All the hard work and creative thinking of the Sohmer family is still being carried on by the new stick holders and manufacturers.
Sohmer & Co. was founded by Hugo Sohmer with his partnership with Joseph Kuder in 1872. They first manufactured and sold their pianos Marschall & Mittauer's former address, after seven years, in 1879 they expanded their factory and in 1883, they moved to an all new warehouse which used to be the factory formerly the factory of reed organ manufacturers Carhart & Needham.
In 1876, they advertised their grand and upright pianos and won the First Medal of Merit, as well as the Diploma of Honor at the Centennial International Exhibition in Philadelphia. In 1881 and 1882 they also advertised their pianos that won first prizes in Montreal.
Successions of the Sohmer Legacy
In 1913, Harry J. Sohmer took over the company and turned it into incorporation in the year 1940. He was succeeded by his sons, Harry J. Sohmer, Jr., President, and Robert H. Sohmer, Secretary and treasurer in 1971. In 1982, the Sohmer brothers sold the rights and assets of the company to Pratt, Read & Co., then, the largest American manufacturer of piano actions and keyboards, and moved to their facilities in Ivoryton, Connecticut.

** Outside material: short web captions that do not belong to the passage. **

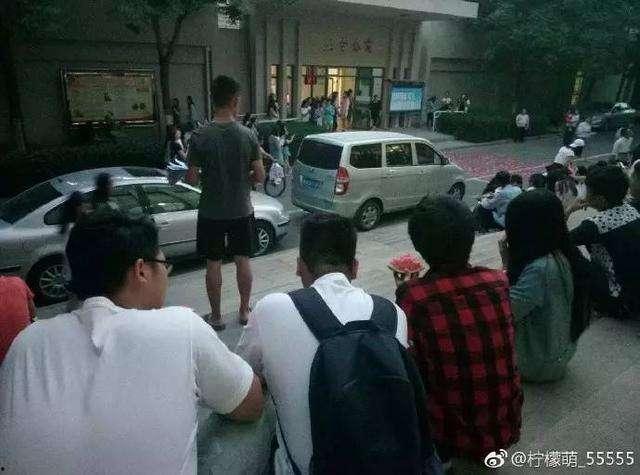 群众吃瓜抢镜视频,群众吃瓜视频引发网络热议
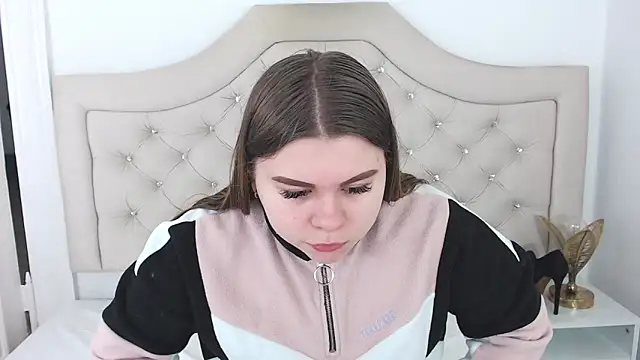 Snapshot of AbbyPleasure chatting on December 2024 09:39:01 AM AbbyPleasure online show from December 2024 09:39:01 AM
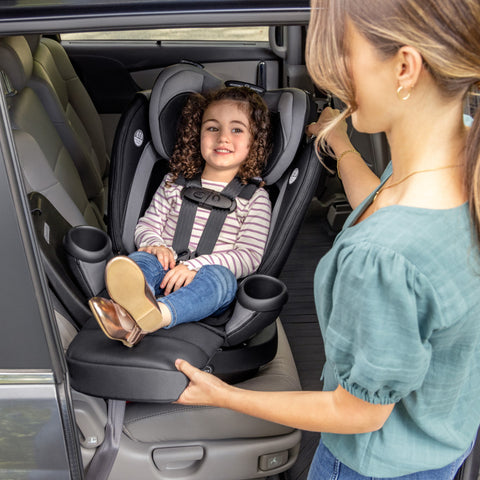 Revolve360 Extend All-in-One Rotating Car Seat with Quick Clean Cover - Feature Image 4
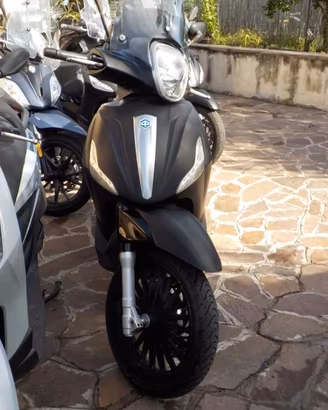 PIAGGIO Beverly 300 i.e. Anno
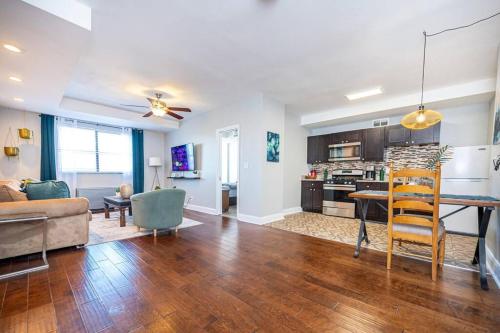a kitchen and living room with a table and a couch at Downtown ! King bed 24 concierge! Onsite Parking LM903 in Atlanta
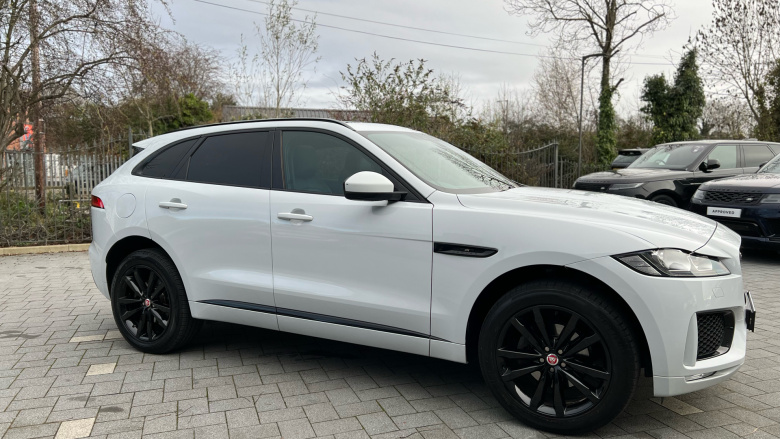 Jaguar F-Pace 2.0d [240] Chequered Flag 5dr Auto AWD Diesel Estate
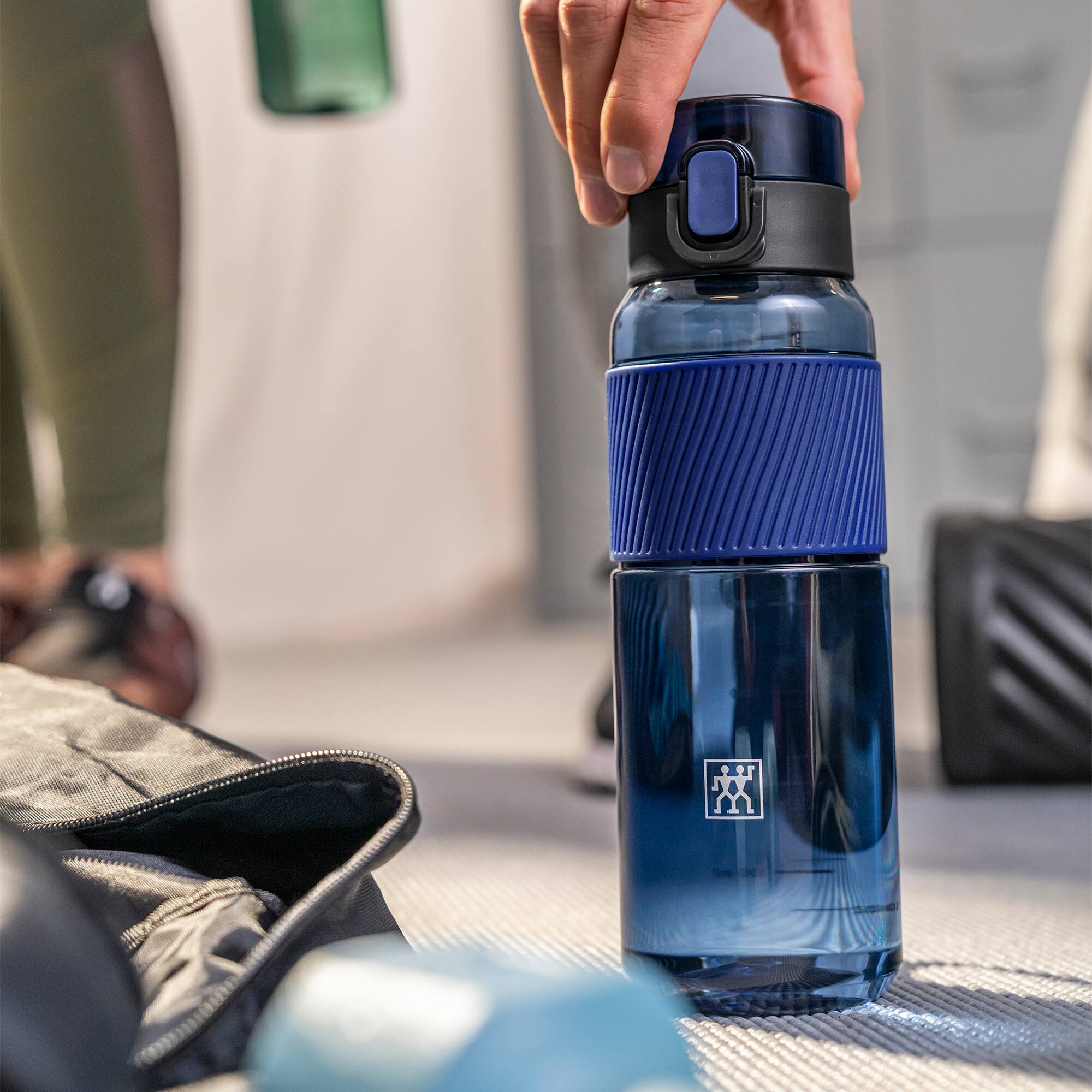 Alt View 1. ZWILLING - ZWILLING Tritan 24-ounce Water Bottle - Dark Blue - Blue.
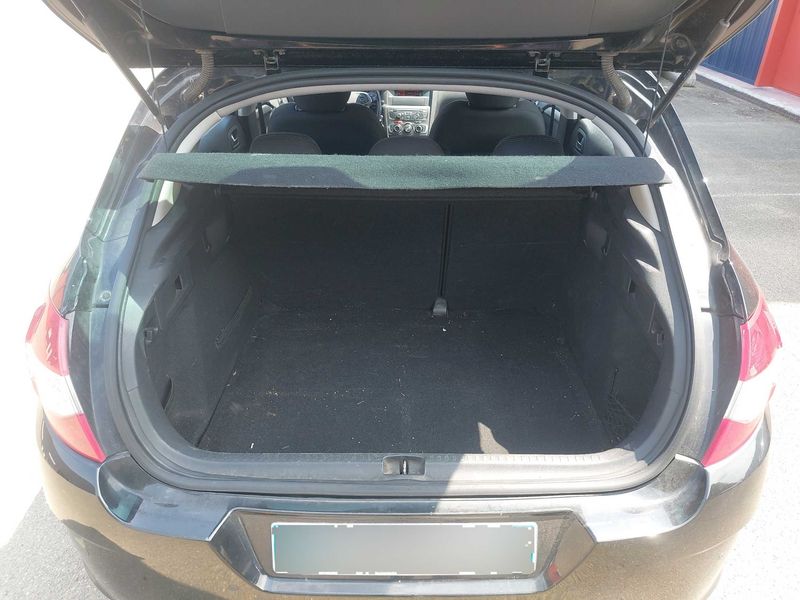 Citroen C4 1.6 HDi Confort 2013 – снимка 9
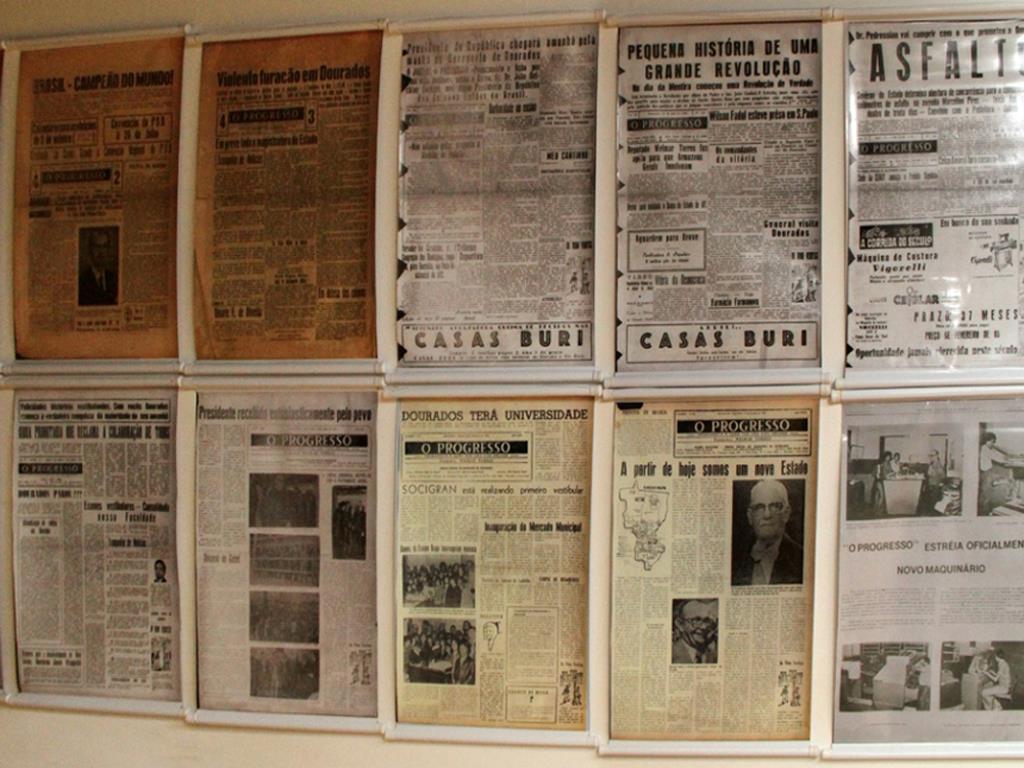Imagem: Exposição de capas histórias do jornal O Progresso pode ser conferida no saguão da ALMS.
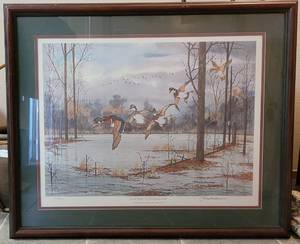 lot 102 image: DON EASTERWOOD WILDLIFE ARTIST SIGNED FRAMED PRINT IN STYLE, COLOR, AND CONDITION SHOWN. 35 W x 29 H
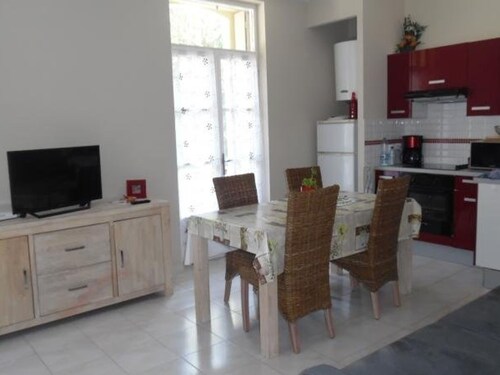 Charmant F2 avec balcon et parking, proche cure et centre-ville – Amélie-les-Bains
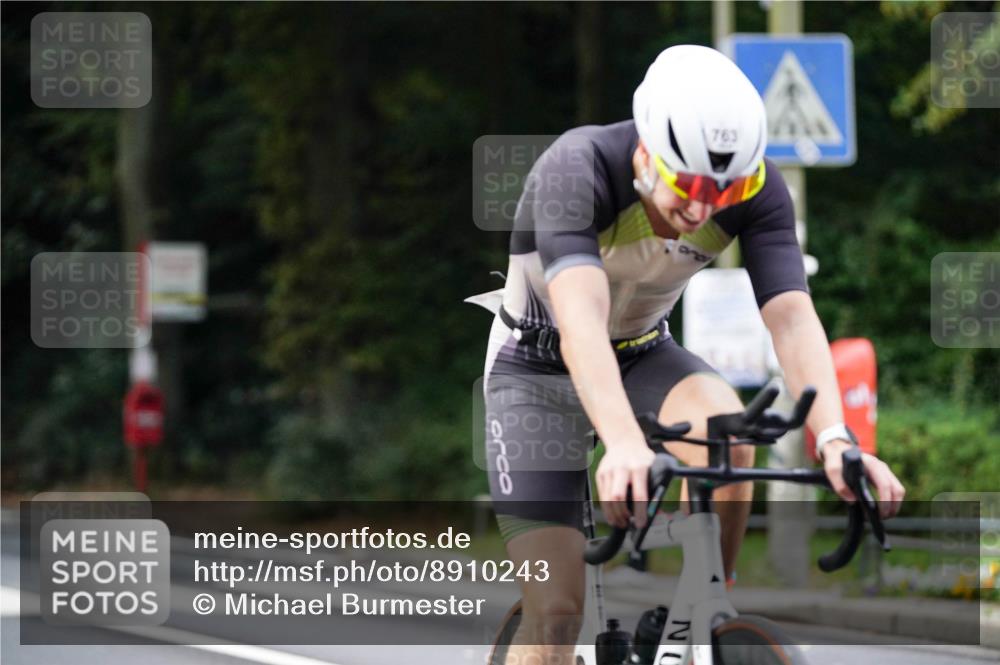 14.09.2025 - Stadtparktriathlon Michael Burmester http://msf.ph/oto/8910243 14.09.2025 10:32:11 Radfahren 517, 654, 716, 763 meine-sportfotos.de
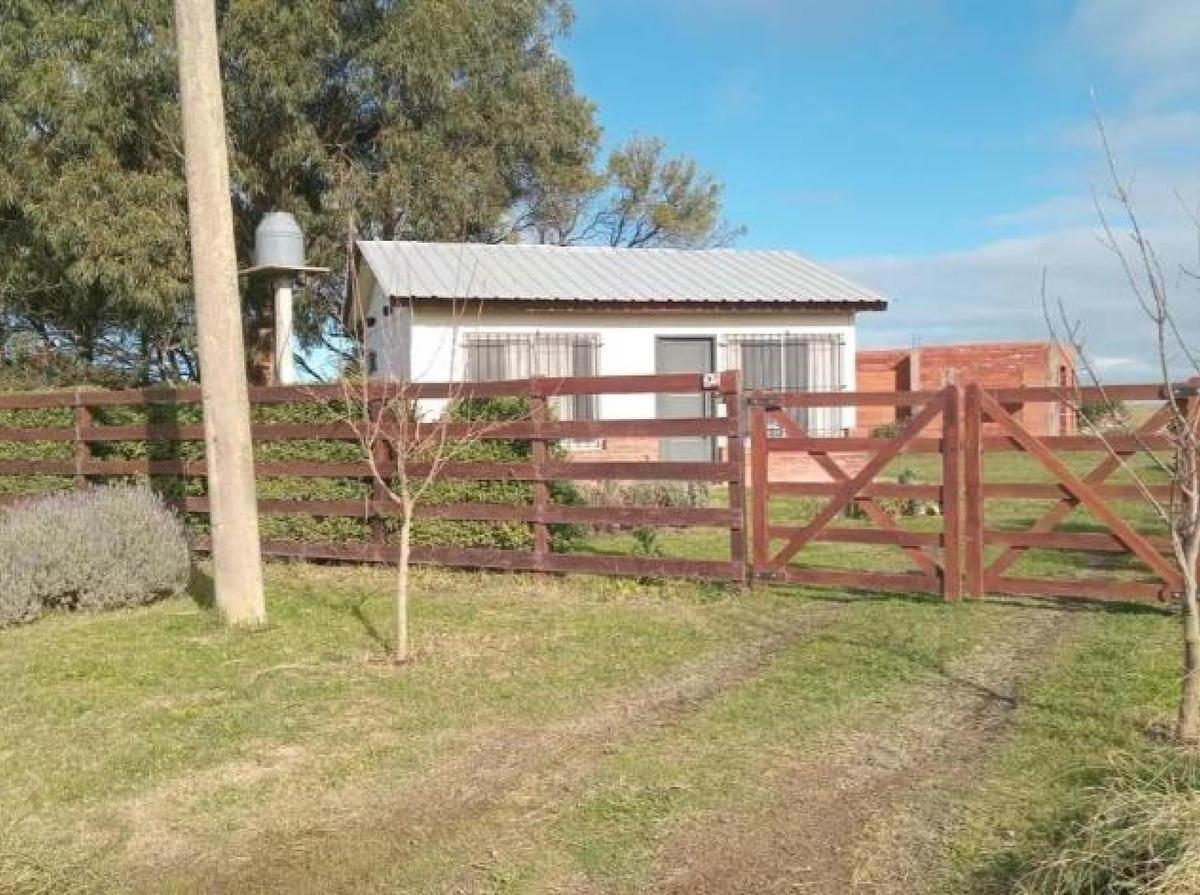 Casa de un dormitorio en venta ubicada en calle 841 y 26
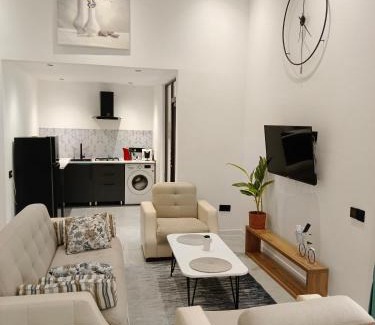 Gabala Villa | Discover Harmony Hideaway: Family-Friendly Retreat with Hot Tub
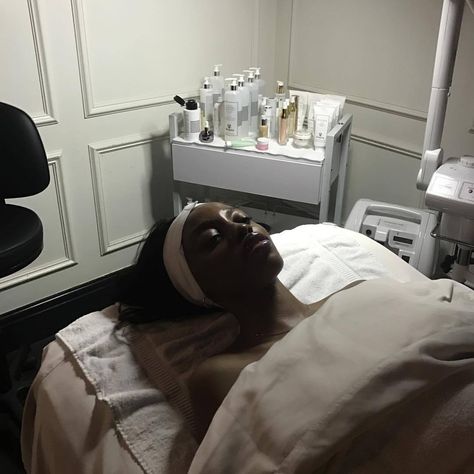 Esthetician Inspiration, Medical Esthetician, Esthetician School, Medical Aesthetician, Oxygen Facial, Esthetician Room, Facial Aesthetics, Black Femininity, Facial Spa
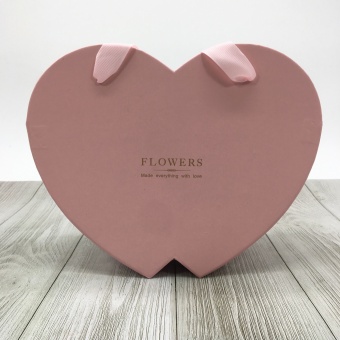 Коробка ваза сердце розовое 10*26*20. Арт01275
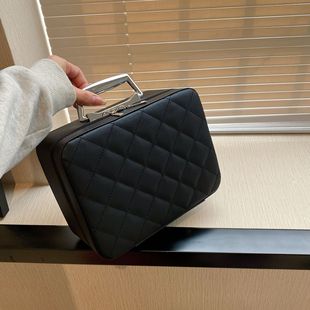 New Embroidered Rhomboid Cosmetic Bag Large Capacity Cosmetic Storage Bag Korean Internet Popular Super Popular Portable Cosmetic Case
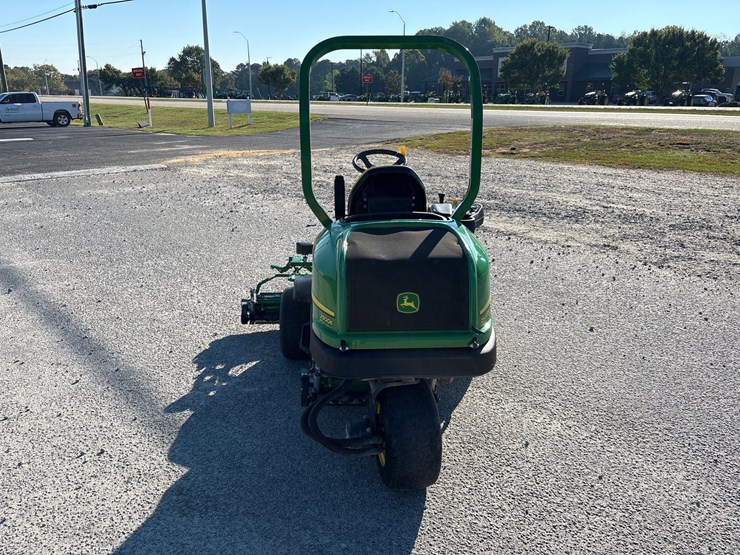 john-deere-2500e-image-4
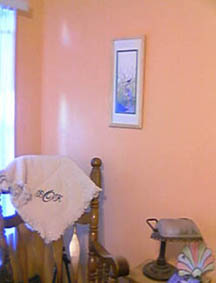rocking chair with heron picture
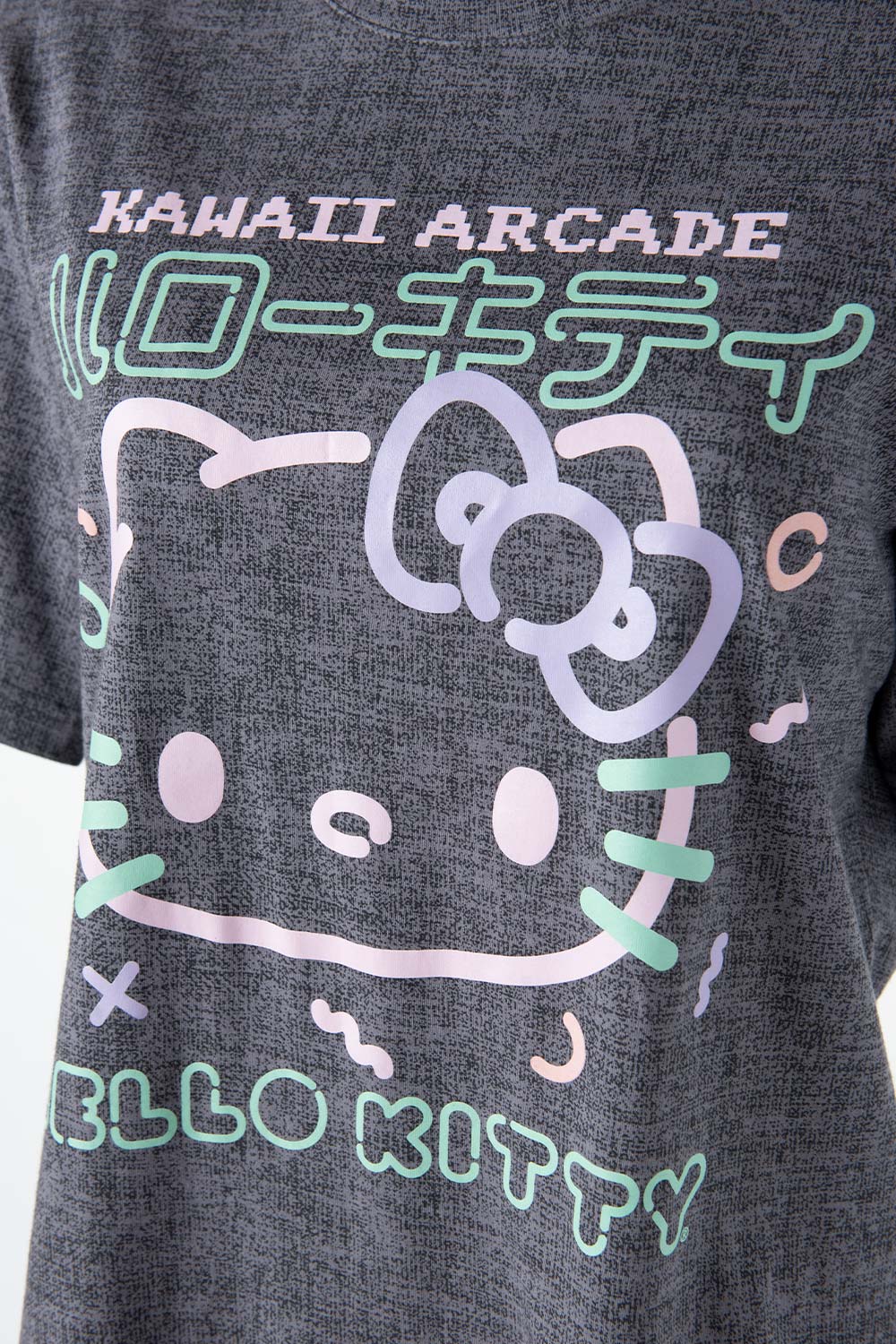 CAMISETA DE HELLO KITTY REGULAR FIT PARA MUJER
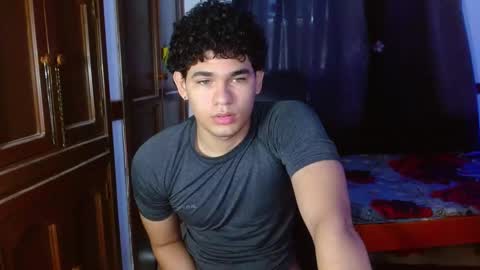 Snapshot of zyrosxk chatting on February 8, 2026, 12:41 pm antonio felipe online show from February 8, 2026, 12:41 pm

Trademark Models and Patented Designs
In 1884, Sohmer created the first baby grand piano, the first smallest grand pianos ever manufactured at only five feet long. The company also patented the agraffe bars and actions in 1882, in 1887 an agraffe for a quadruple strung "reverbation scale" and a pianissimo pedal in uprights, and bridge agraffes in 1890.
American Piano Sound
When it comes to their architecture, Sohmer pianos are still, at heart, highly regarded and considered to be uniquely American pianos. Many customers, pianists and technicians have commented that the new generation Sohmer pianos have a sound that brings back memories of what the great old American brands were: “round, hollow, woody, and dark” sound.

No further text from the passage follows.